Tenbase has an ODBC connector that lets it accept standard SQL queries. Results come back as quickly as queries in the system’s own query language. This is also special: some columnar systems run SQL queries much more slowly or won’t accept them at all. The Tenbase developers demonstrated this feature by querying a 500 million row database through Microsoft Access, which feels a little like opening the door to a closet and finding yourself in the Sahara desert.

Tenbase’s own query language is considerably more powerful than SQL. It gives users advanced functions for time-series analysis, which actually allows many types of comparisons between rows in the data set. It also contains a variety of statistical, aggregation and calculation functions. It’s still set-based rather than a procedural programming language, so it doesn't support features like if/then loops. This is one area where some other columnar databases may have an edge.

The Tenbase query interface is rather plain but it does let users pick the columns and values to select by, and the columns and summary types to include in the result. Users can also specify a reference column for calculations such as weighted averages. Results can be viewed as tables, charts or cross tabs (limited to one value per intersection), which can themselves be queried. Outputs can be exported in Excel, PDF, XML, text or CSV formats. The interface also lets users create calculated columns and define links among tables.

Under the covers, the Tenbase interface automatically creates XML statements written to the Tenbase API. Users can view and edit the XML or write their own statements from scratch. This lets them create alternate interfaces for special purposes or simply to improve the esthetics. Queries built in Tenbase can be saved and rerun either in their original form or with options for users to enter new values at run time. The latter feature gives a simple way to build query applications for casual users.

The user interface is browser-based, so no desktop client is needed. Perhaps I'm easily impressed, but I like that the browser back button actually works. This is often not the case in such systems. Performance depends on the amount of data and query complexity but it scales with the number of servers, so even very demanding queries against huge databases can be returned in a few minutes with the right hardware. The servers themselves are commodity Windows PCs. Simple queries generally come back in seconds.

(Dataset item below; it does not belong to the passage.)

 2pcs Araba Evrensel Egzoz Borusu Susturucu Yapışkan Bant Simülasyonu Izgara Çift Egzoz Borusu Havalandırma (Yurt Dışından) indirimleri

Tenbase clients pay for the system on a monthly basis. Fees are based primarily on the number of servers, which is determined by the number of users, amount of data, types of queries, and other details. The company does not publish its pricing but the figures it mentioned seemed competitive. The servers can reside at 1010data or at the client, although the 1010data will manage them either way. Users can load data themselves no matter where the server is located.

Most Tenbase clients are in the securities industry, where the product is used for complex analytics. The company has recently added several customers in retail, consumer goods and health care. There are about 45 active Tenbase installations, including the New York Stock Exchange, Proctor & Gamble and Pathmark Stores.